JurnalPatroliNews – JAKARTA — Penangkapan ratusan warga negara asing (WNA) yang diduga terlibat dalam sindikat judi online internasional mendapat sorotan serius dari DPR RI. Ketua DPR RI Puan Maharani meminta pengawasan terhadap keberadaan WNA diperketat agar Indonesia tidak menjadi tempat berkembangnya jaringan perjudian daring lintas negara.
Menurut Puan, aparat terkait perlu melakukan langkah antisipasi secara serius dan berkelanjutan, termasuk melalui pengawasan keimigrasian. Upaya tersebut dinilai penting untuk mencegah Indonesia dijadikan lokasi persinggahan maupun pusat operasi judi online internasional.

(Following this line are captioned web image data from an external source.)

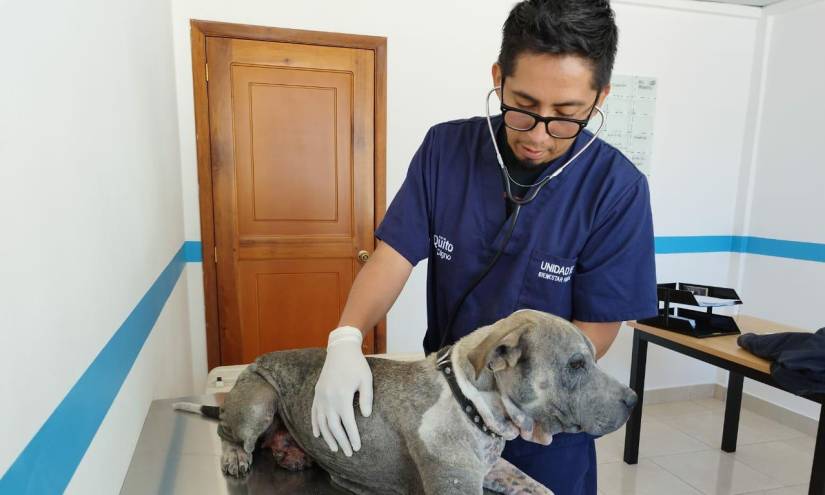 Quito: Galia, la perrita con un tumor que vivía en condiciones insalubres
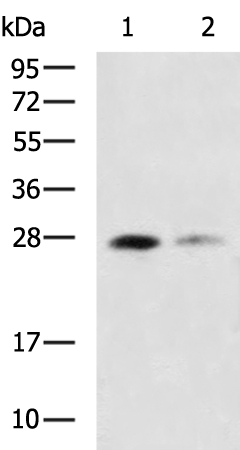 Rabbit Polyclonal Antibody to MOG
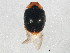  ( - BIOUG02273-F02)  @13 [ ] CreativeCommons - Attribution (2012) CBG Photography Group Centre for Biodiversity Genomics
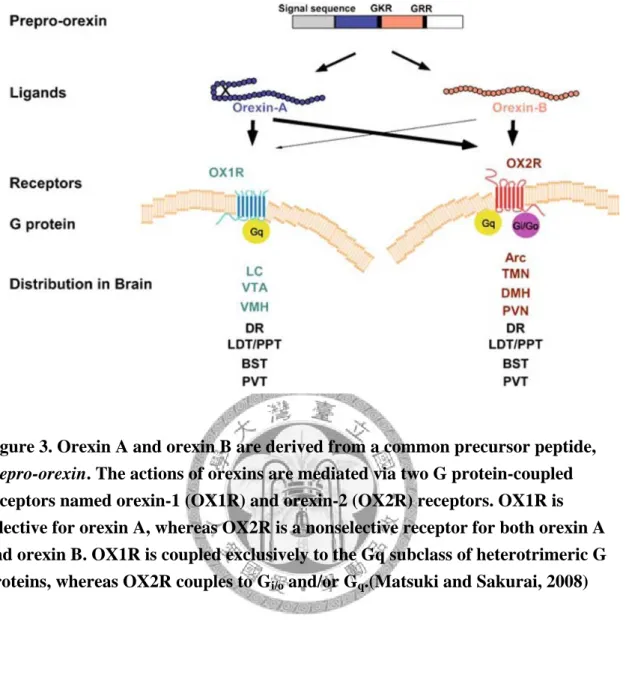 Figure 3. Orexin A and orexin B are derived from a common precursor peptide,  prepro-orexin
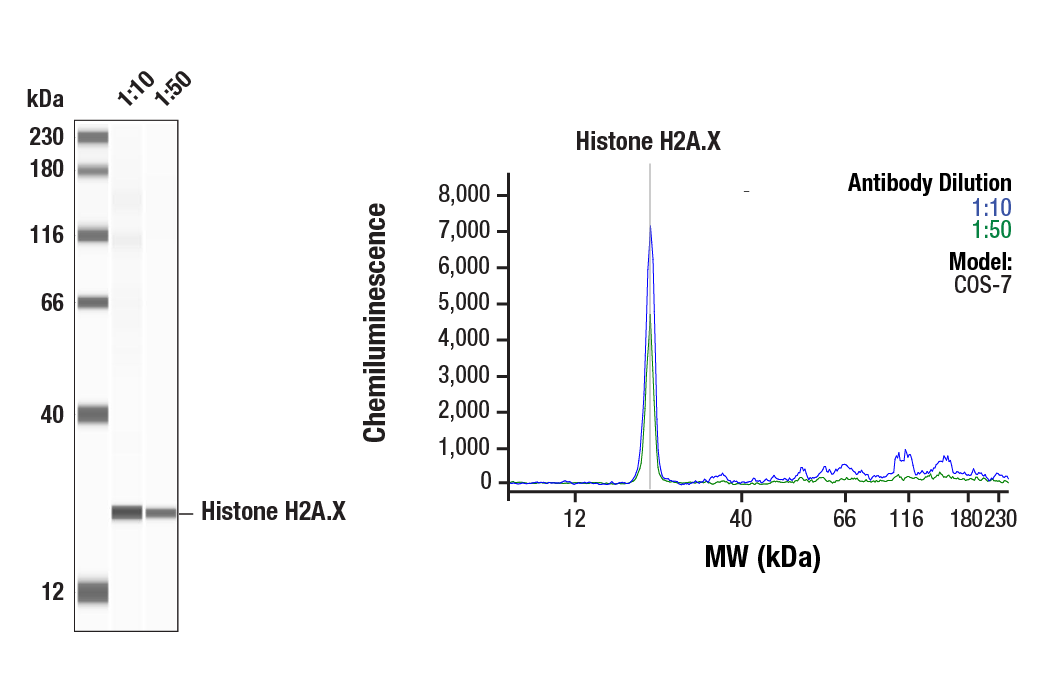  Image 1: PhosphoPlus® Histone H2A.X (Ser139) Antibody Duet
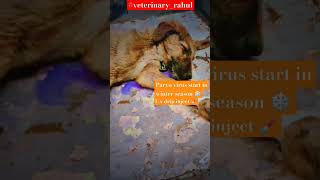 Parvo virus 🦠👨🏻‍⚕️⚕️🏥veterinaryrahul beats doctorofveterinarymedicine doctorlife doglover [upl. by Danette]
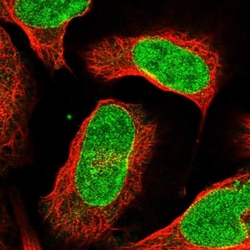C12orf45 Antibody, Novus Biologicals:Antibodies:Primary Antibodies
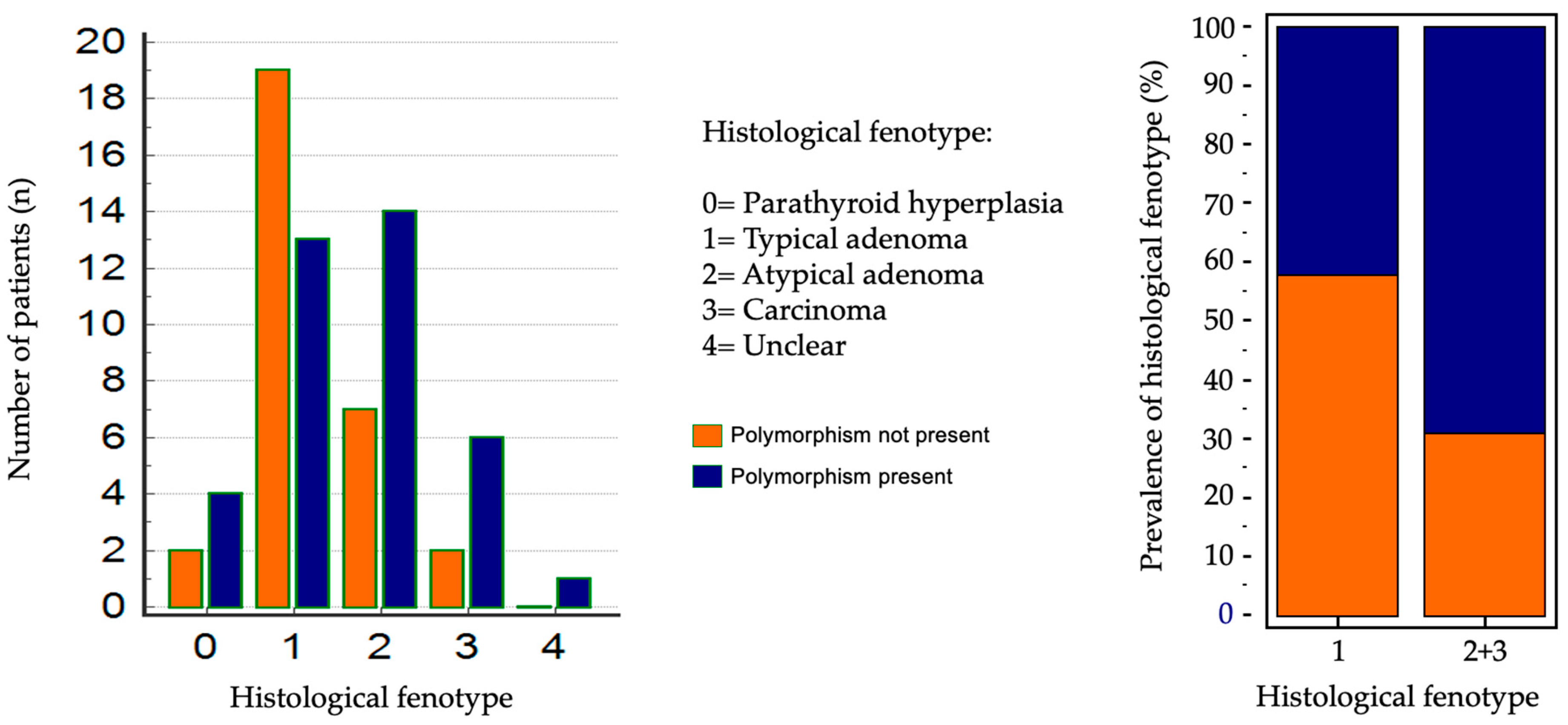 Genes 16 00974 g005 Genes 16 00974 g005
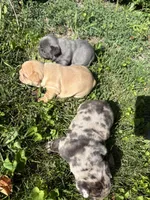 Ginger (cream), a female French Bulldog for sale in Geneseo, IL – Photo 8 of 10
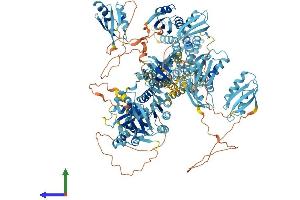 Protein Structure (PS) image for ATPase, Cu++ Transporting, beta Polypeptide (ATP7B) (AA 1-1462) protein (His tag) (ABIN7563992)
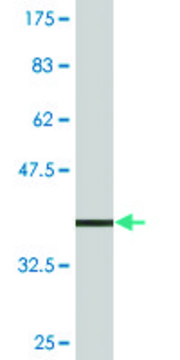 Monoclonal Anti-ATP4B antibody produced in mouse clone 1D10, purified immunoglobulin, buffered aqueous solution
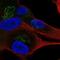 Mint-1 antibody, NBP2-56155, Novus Biologicals, Immunocytochemistry image 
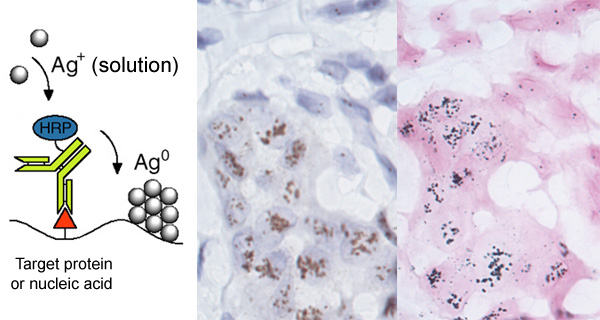 [Enzyme Metallography: schematic and comparison with DAB (74k)]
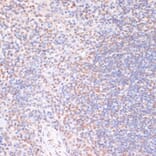 Immunohistochemistry - Anti-MSK1 (phospho Ser376) Antibody (A91406) - Antibodies.com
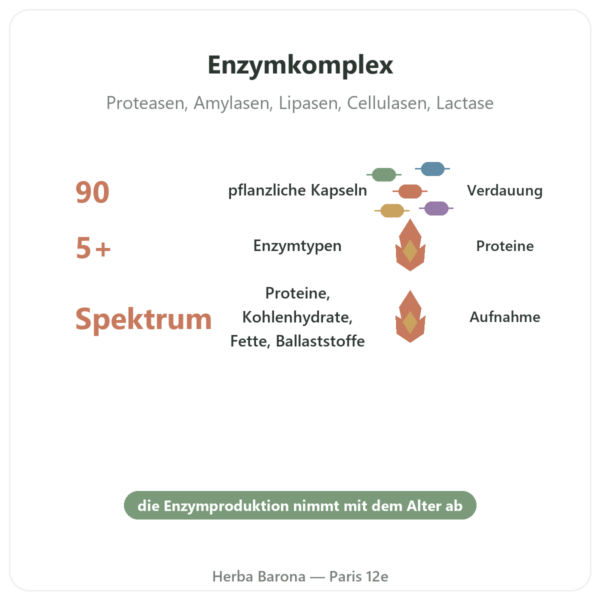 Digestive Enzymes – 90 Kapseln – Doctor's Best Vorteile und Fakten Paris Herba Barona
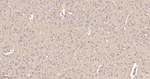 LC3B Antibody in Immunohistochemistry (Paraffin) (IHC (P))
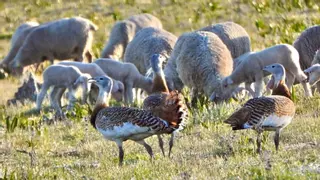 Las llamativas imágenes de avutardas entre ovejas en el paisaje extremeño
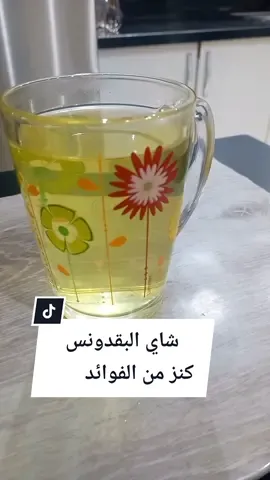 شاي البقدونس. كنز من الفوائد!  لغسيل الكليتين و تنظيف الجسم من السموم. مفيد للجهاز التنفسي و الهضمي، يساعد على التخلص من احتباس السوائل في الجسم،ممتاز للبشرة و الشعر .... #viral #morocco #healthy #fypシ #foryou #fypシ #persil #اكل_صحي #إكسبلورر #اكسبلورexplore #شاي #بقدونس #شاي_البقدونس #حصى_الكلي #ديتوكس #detox 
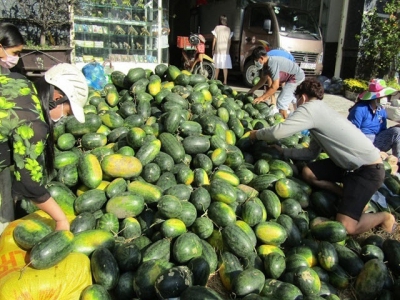 Produce rescue campaigns help farmers amid export decline to China due to coronavirus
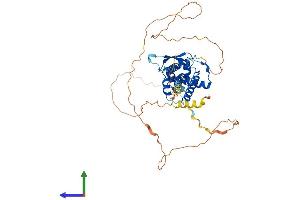 Protein Structure (PS) image for Transcription Factor AP-2 beta (Activating Enhancer Binding Protein 2 Beta) (TFAP2B) (AA 1-459) protein (His tag) (ABIN7557690)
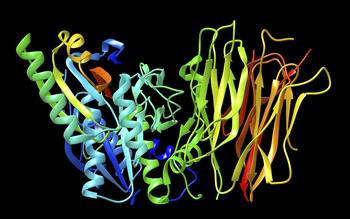 New injectable antibody alirocumab enhances lipid-lowering effect of statins
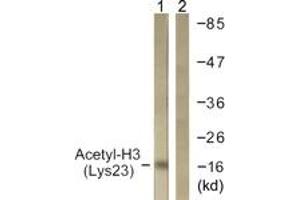 Western Blotting (WB) image for anti-Histone 3 (H3) (H3K23ac) antibody (ABIN2890731) (Histone 3 抗体  (H3K23ac))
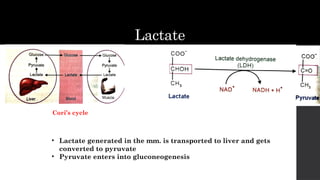 Lactate
Cori’s cycle
• Lactate generated in the mm. is transported to liver and gets
converted to pyruvate
• Pyruvate enters into gluconeogenesis
 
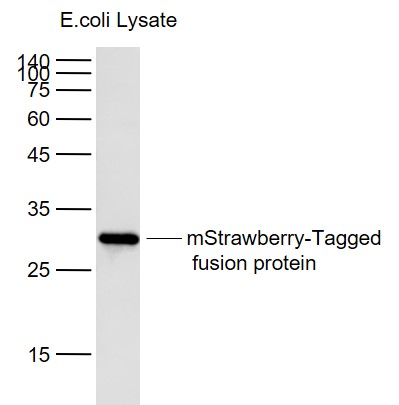 Lane 1: mStrawberry-Tagged fusion protein (full length) Overexpression E.coli lysates (Cat#: bs-33175P) probed with mStrawberry-Tag Monoclonal Antibody, Unconjugated (bsm-33175M) at 1:1000 dilution and 4˚C overnight incubation. Followed by conjugated secondary antibody incubation at 1:20000 for 60 min at 37˚C.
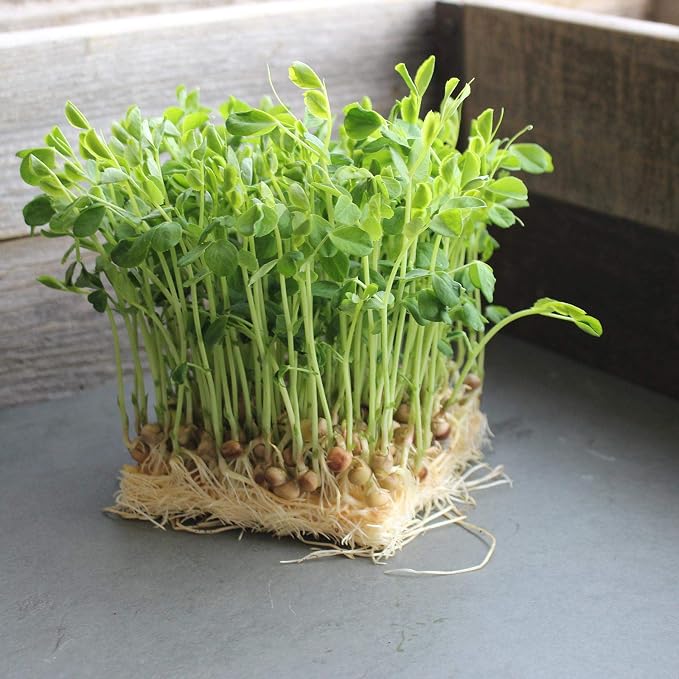 Mountain Valley Seed Co Dun Pea Seeds – 5 LB Bulk Non-GMO, High-Germination | Microgreens, Pea Shoots, Cover Crops, Gardening, Sweet Crisp Sprouts, Protein-Rich Fodder, Green Manure, Soil Enrichment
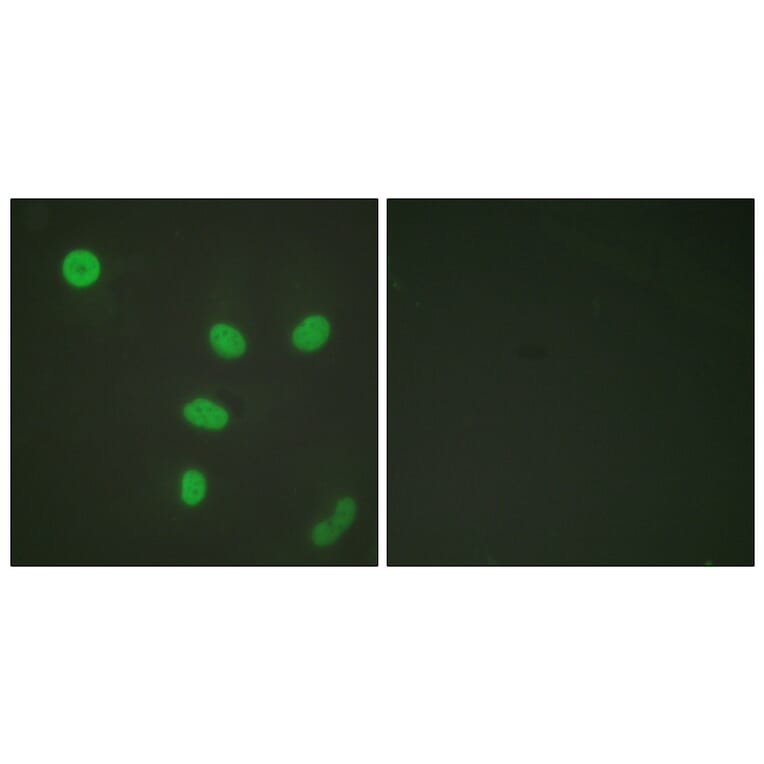 Immunofluorescence - Anti-Histone H3 (acetyl Lys27) Antibody (D0010) - Antibodies.com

“Ya, kita harus melakukan antisipasi jangan sampai kemudian kalau ada pihak-pihak yang berkeinginan menjadikan Indonesia sebagai tempat persinggahan atau sebagai tempat utama judi online, tentu saja itu jangan sampai terjadi,” kata Puan saat jumpa pers di Kompleks Parlemen, Senayan, Jakarta, Selasa (12/5/2026).
Politikus Partai Demokrasi Indonesia Perjuangan (PDIP) itu menegaskan, pengetatan pengawasan tidak boleh hanya dilakukan setelah kasus terungkap. Menurutnya, langkah pencegahan harus dijalankan secara berkala agar ruang gerak sindikat judi online internasional semakin sempit.
“Karena itu, pengetatan atau antisipasi terkait dengan hal itu harus dilakukan bukan hanya sekarang tapi secara berkala. Jadi hal ini penting karena ini juga untuk menjaga jangan sampai ini menjadi semakin luas dan melebar,” ujarnya.
Sebelumnya, Direktorat Tindak Pidana Umum (Dittipidum) Bareskrim Polri mengungkap markas sindikat judi online di kawasan Perkantoran Hayam Wuruk Plaza Tower, Jakarta Barat, pada Sabtu (9/5/2026).
Dalam operasi tersebut, polisi menangkap sebanyak 320 WNA dan satu warga negara Indonesia (WNI). Para tersangka diduga memiliki peran berbeda-beda dalam jaringan tersebut, mulai dari operator, admin, hingga customer service untuk melayani aktivitas perjudian daring berskala internasional.
Pengungkapan ini menambah daftar panjang kasus judi online lintas negara yang melibatkan jaringan asing di Indonesia. DPR menilai langkah pengawasan yang lebih ketat diperlukan agar Indonesia tidak menjadi basis baru bagi aktivitas ilegal tersebut.
Selain penegakan hukum, koordinasi lintas lembaga antara kepolisian, imigrasi, dan kementerian terkait juga dinilai penting untuk memperkuat pencegahan sejak dini terhadap potensi masuknya jaringan serupa di masa mendatang.